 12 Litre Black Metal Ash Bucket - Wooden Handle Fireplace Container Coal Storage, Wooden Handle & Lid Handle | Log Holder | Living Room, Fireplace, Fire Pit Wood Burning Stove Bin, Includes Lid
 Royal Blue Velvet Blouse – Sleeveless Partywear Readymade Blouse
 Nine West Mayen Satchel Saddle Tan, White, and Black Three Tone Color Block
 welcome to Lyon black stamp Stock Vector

○ ○ ○ ○ ○ ○ ○

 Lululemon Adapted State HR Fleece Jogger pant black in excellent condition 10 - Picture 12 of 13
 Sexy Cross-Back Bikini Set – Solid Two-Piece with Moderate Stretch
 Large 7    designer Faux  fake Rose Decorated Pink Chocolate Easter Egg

○ ○ ○ ○ ○ ○ ○

Copy out only the lines of the records above from the one with "12 Litre Black" through the one with "welcome to Lyon black stamp Stock Vector", exactly as they stand, both included.

### Answer to this problem
 12 Litre Black Metal Ash Bucket - Wooden Handle Fireplace Container Coal Storage, Wooden Handle & Lid Handle | Log Holder | Living Room, Fireplace, Fire Pit Wood Burning Stove Bin, Includes Lid
 Royal Blue Velvet Blouse – Sleeveless Partywear Readymade Blouse
 Nine West Mayen Satchel Saddle Tan, White, and Black Three Tone Color Block
 welcome to Lyon black stamp Stock Vector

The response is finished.